Definitions of NHO Terminology

Biodiversity - The number and variety of organisms found within a specified geographic region.

Carbon credit - One ton of carbon that is stored in the soil and is equivalent to removing 3.67 tons of carbon dioxide from the atmosphere.

Conservation - The protection, preservation, management, or restoration of wildlife and of natural resources such as grasslands, soil, and water.

Climax - The last stage of natural community succession toward a dynamic equilibrium with environmental conditions in terrestrial ecosystems. The climax stage usually is more structurally diverse, more productive, and more efficient in cycling nutrients than earlier stages of community succession.

Conservation easement - A set of restrictions a landowner voluntarily places on his or her property in order to preserve its conservation values.

Desert rangeland - A type of grazing land consisting of a variety of native plant species that are well adapted to dry growing conditions. Some desert plants are highly palatable to livestock and wildlife. Others are not. Examples of plants indigenous to desert rangelands include black grama, tobosa, sand dropseed, perennial threeawn, redberry juniper, honey mesquite, broom snakeweed, and fluffgrass.

Fragmentation - The loss of wholeness in an ecosystem, habitat, law, and management that threatens ecosystem integrity and dependent functions and services, most especially biodiversity.

Ecosystem - A system formed by the interaction of a community of organisms with their physical environment.

Environment - The totality of external physical conditions that effect and influence the growth, development, and survival of plants and animals.

Forage - Refers to plants fed on by herbivores; most often refers to the foods of grazing and browsing animals.

Grassland - An area, such as a prairie or meadow, of grass or grass-like vegetation.

Habitat - The place or environment where a plant or animal naturally or normally lives and grows

Mid-grass rangeland - A type of grazing land that is producing or has the potential to produce moderately productive, native-grass vegetation. Grass species such as little bluestem, silver bluestem, and sideoats grama are considered mid-grasses.

Overgrazing - Reducing forage supply by grazing and browsing animals to the point where key forage species production is threatened or is at too low a level to sustain beneficial use. Overgrazing is a function of numbers and time.

Overstocking - Running, raising, carrying or maintaining more animal units of grazing animals than existing forage resources can support without degrading range conditions and reducing carrying capacity. Overstocking is a function of numbers.

Pastoral - Relating to or functioning as an agricultural enterprise or community devoted to or based on grazing livestock.

Photosynthesis - A process of organic synthesis in which solar radiation provides energy for combining the carbon from carbon dioxide and the hydrogen and oxygen of water to produce glucose and other simple compounds with oxygen released back to the environment.

Prairie - An extensive area of flat or rolling, predominantly treeless grassland.

Ranch - An agricultural workplace consisting of a large tract of land along with facilities needed to raise livestock, usually cattle.

Ranching - (a) The act of raising livestock; (b) to manage or work on a ranch

Range - Any land area that may be roamed over. More specifically, any land area producing forage for grazing and browsing animals.

Range management - The manipulation of grazing by large herbivores so both plant and animal production can be maintained or increased.

Rangeland - (a) Any expanse of land that provides suitable grazing for livestock and wildlife and is not cultivated, fertilized, or irrigated; (b) uncultivated land capable of providing habitat for domestic livestock and wildlife.
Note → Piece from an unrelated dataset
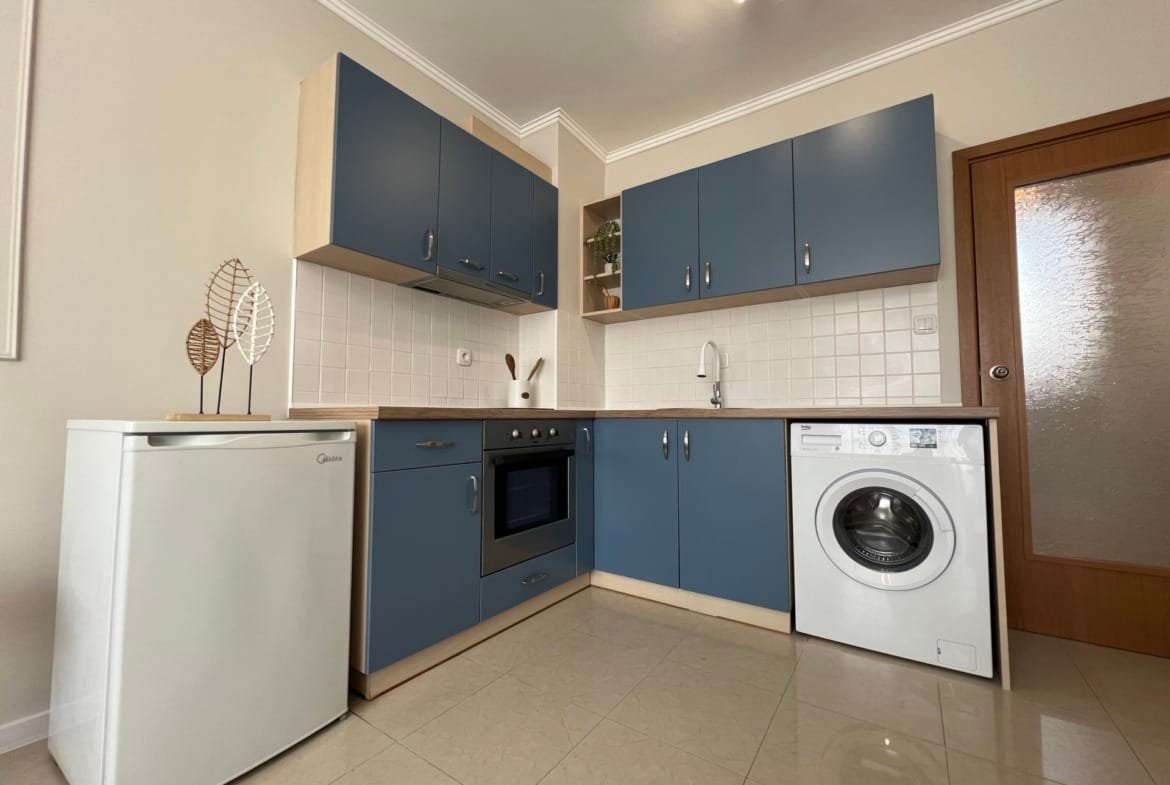 Современная кухня в квартире с синими фасадами, оборудована плитой, раковиной и стиральной машиной, идеальна для жизни в Болгарии.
Rangeland is sometimes referred to as range, ranchland, prairie, or grassland.

Rangeland agriculture - A form of agriculture based on grazing livestock on indigenous rangelands.

Renewable resource - A resource that can regenerate itself through biological reproduction or through biogeophysical cycles, such as forest, grassland, wildlife, soil, and water. Other examples of renewable resources include solar, thermal, and wind energy.
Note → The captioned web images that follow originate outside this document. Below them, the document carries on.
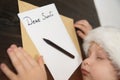 Child in Santa hat is sleeping at the table. Letter for Santa. Wooden background Royalty Free Stock Photo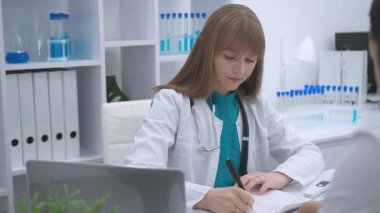 Beyaz önlüklü ve steteskoplu profesyonel kadın doktor, sağlık hizmetleri ve tıbbi belgelerin iyileştirilmesi için dijital sistemleri kullanarak parlak laboratuvar ortamındaki danışma sırasında hasta notları alıyor.
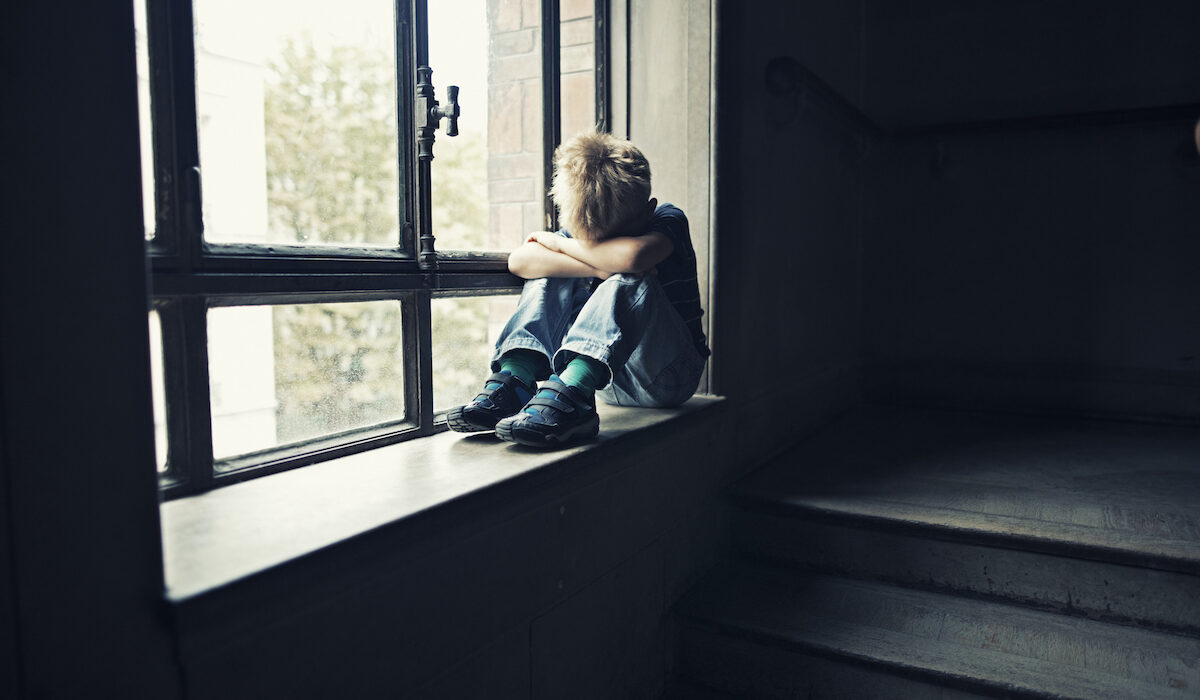 Depressed little boy in old staircase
Restoration - An act of bringing back to a former condition.

Short-grass rangeland - A type of grazing land that can only produce short-grass vegetation due to climate and/or soil limitations. Grass species such as blue grama, buffalograss, curly mesquite, and western wheat grass are considered short-grasses.
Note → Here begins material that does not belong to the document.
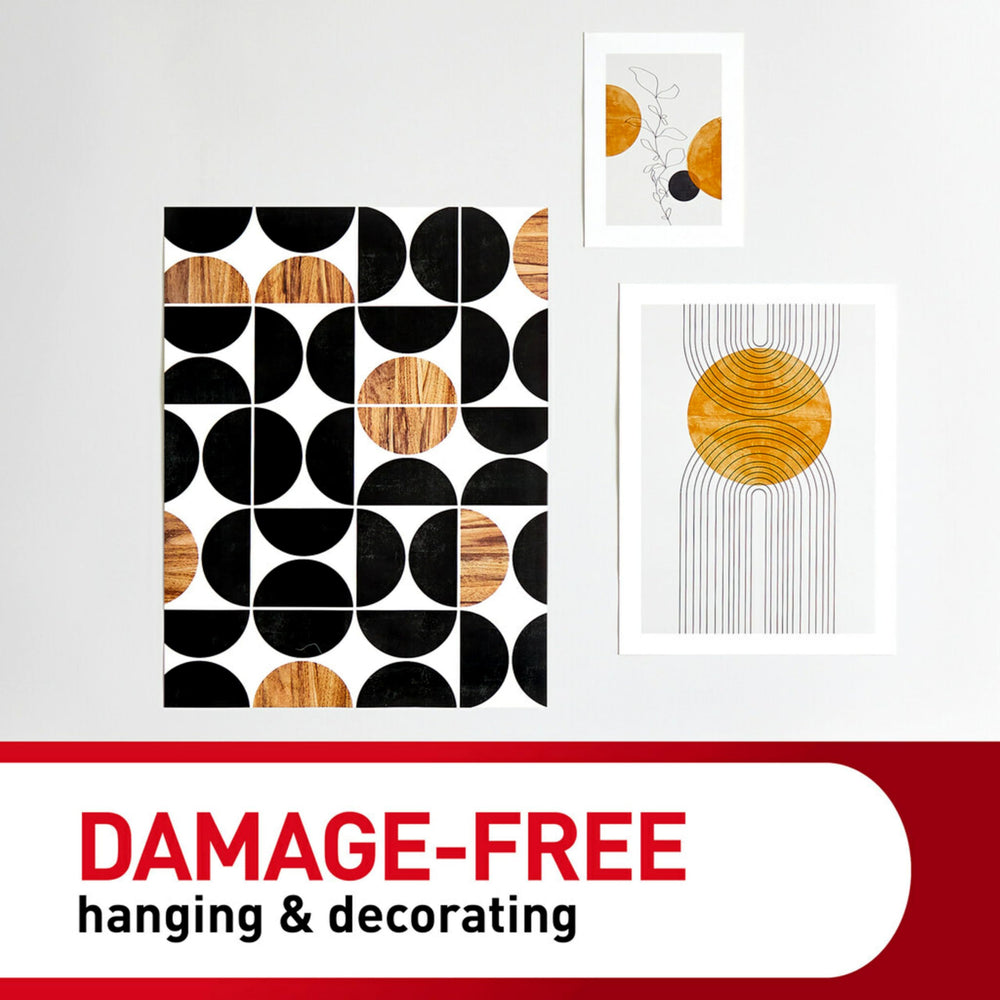Command poster strips adhering to glass window offering residue-free display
Sustainable - Capable of being maintained at length without interruption, weakening, or loss in acceptability or quality. May also relate to a method or system of using a resource so that the resource is not depleted or permanently damaged.

Stewardship - The careful and responsible management of human, physical, biological, and financial resources.

Tall-grass rangeland - A type of grazing that is producing or has the potential to produce highly productive, native-grass vegetation. Grass species such as big bluestem, yellow indiangrass, eastern gamagrass, and switchgrass are considered tall grasses.

Wildlife - Wild animals and vegetation, especially animals living in a natural, undomesticated state.